Tout a commencé il y a un an, quand un groupe combattant pour l'autonomie des Touaregs du Sahel a attaqué des bases militaires dans le nord du Mali. Ces attaques ont produit une réaction en chaîne conduisant ce pays, qui a longtemps illustré ce que l'Afrique avait de meilleur, là où il se trouve maintenant: en pleine guerre.

Il aura suffi de trois mois aux rebelles touaregs pour prendre le contrôle des grandes villes du désert: Tombouctou, Gao et Kidal. Incapable d'empêcher la chute de cet immense pan de son pays, le président Amadou Toumani Touré a dû payer le prix de son impuissance: en mars 2012, il a été évincé du pouvoir par un coup d'État.

Mais les Touaregs n'auront pas profité longtemps de leur victoire. Ils ont été rapidement écartés par des groupes islamistes radicaux qui n'ont que faire de leur rêve national. Et qui ne jurent que par le djihad. Ces groupes comptent de nombreux djihadistes étrangers, dont plusieurs ont combattu en Libye, qu'ils ont quittée après la chute de Khadafi, en emportant leurs armes.

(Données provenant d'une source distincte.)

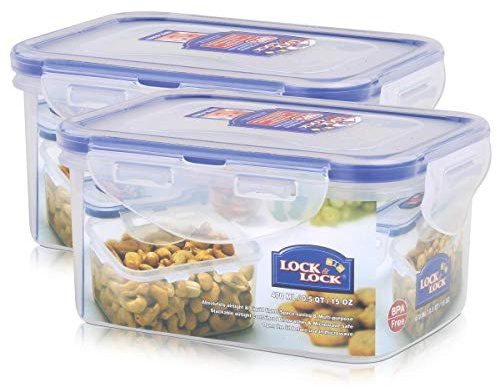 2 X Lock & Lock Stackable Airtight Container Rectangular 470ml - HPL807 by Lock & Lock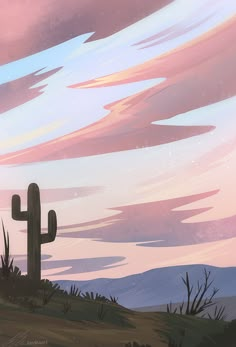 a desert scene with cactus trees and clouds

Leur victoire a coupé le Mali en deux. Peu de témoins ont pu se rendre dans les villes du Nord depuis qu'elles vivent sous le joug de leurs nouveaux maîtres: AQMI (Al-Qaïda au Maghreb islamique), MUJAO (Mouvement pour l'unicité et le jihad en Afrique de l'Ouest) et Ansar Dine. Mais les informations qui filtrent depuis le Grand Nord malien évoquent un régime de terreur, qui a instauré un islam radical, avec son cortège de châtiments corporels, de règles vestimentaires rigoristes et de destruction.

Selon un reportage paru à l'automne dans le magazine marocain Tel Quel, les nouveaux dirigeants du Nord malien essaient aussi d' «acheter» leurs habitants, qui vivent dans un état de pauvreté extrême, en enrôlant les jeunes dans leur armée, moyennant un bon salaire. «Du jour au lendemain, vous pouvez vous retrouver nez à nez avec votre fils ou celui de votre voisin en tenue kaki, avec une kalachnikov en bandoulière», confie un vieil homme au journaliste du magazine. En d'autres mots, plus le temps passe, plus le Nord risque de devenir difficile à reconquérir.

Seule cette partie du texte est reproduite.